VA Loan Eligibility
The dedicated men and women who proudly serve in the U.S. military are entitled to a wide range of benefits available to them. The primary option available within these benefits is the VA Loan Program. This is an alternative mortgage option to traditional lending options which provides an incredible advantage to active duty and retired military men and women as well as their families.
This program allows the purchase or refinance of a loan for qualifying veterans or active duty personnel with absolutely zero down, no private mortgage insurance (PMI), very low rates and relaxed credit guidelines.
USAVA offers you an incredible opportunity to purchase your dream home with programs designed specifically to make purchasing a new home or refinancing an existing VA Loan affordable and easy! Learn more about your eligibly for these programs in the sections below.
You may be eligible if you meet one of the following conditions:
In order to qualify for a VA Loan there are specific service conditions each borrower must meet. This must include just ONE of the following:
- You have served 90 consecutive days of active service during wartime
- You have served 181 days of active service during peacetime
- You have more than 6 years of service in the National Guard or Reserves
- You are the spouse of a service member who has died in the line of duty or as a result of a service-related disability.

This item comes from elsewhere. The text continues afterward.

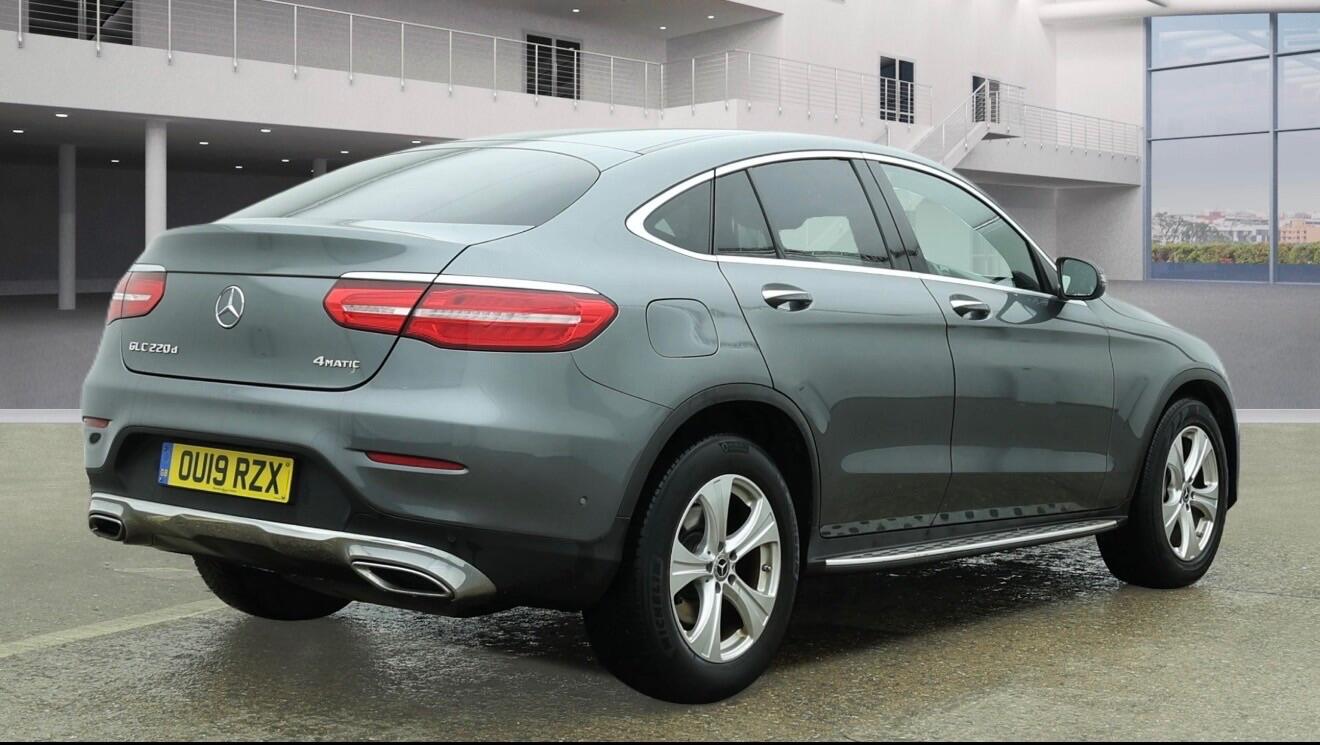 Used Mercedes-Benz GLC 2019 for sale - 77576546: Photo 4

If you have any specific questions about your particular situation, we would welcome the opportunity to speak with you about it.
VA Refinance Eligibility
An IRRRL can only be made to refinance a property on which you have already used your VA loan eligibility. It must be a VA to VA refinance, and it will reuse the entitlement you originally used.

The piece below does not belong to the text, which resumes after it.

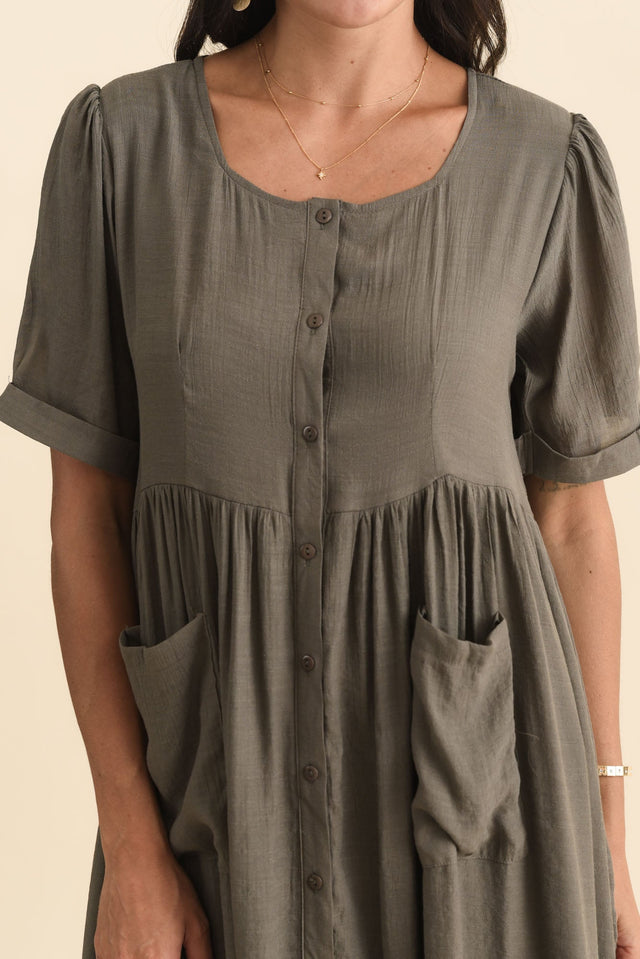 alt text|model:Brontie image 6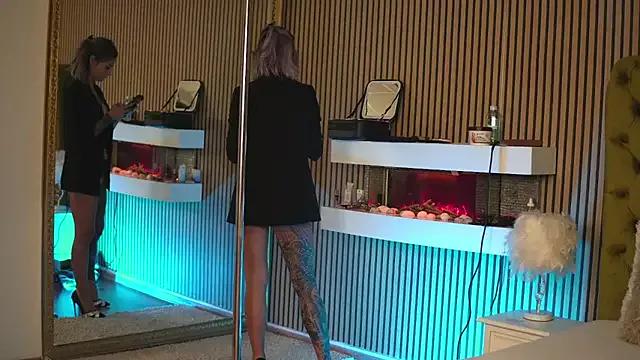 TiffanyMaze from StripChat is Freechat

- A Certificate of Eligibility (COE) is not required. If you have your Certificate of Eligibility, take it to the lender to show the prior use of your entitlement.
- No loan other than the existing VA loan may be paid from the proceeds of an IRRRL. If you have a second mortgage, the holder must agree to subordinate that lien so that your new VA loan will be a first mortgage.
- You may have used your entitlement by obtaining a VA loan when you bought your house, or by substituting your eligibility for that of the seller if you assumed the loan.
- The occupancy requirement for an IRRRL is different from other VA loans. For an IRRRL you need only certify that you previously occupied the home.
A new Certificate of Eligibility (COE) is not required. You may take your Certificate of Eligibility to show the prior use of your entitlement, or your lender may use our e-mail confirmation procedure in lieu of a certificate of eligibility.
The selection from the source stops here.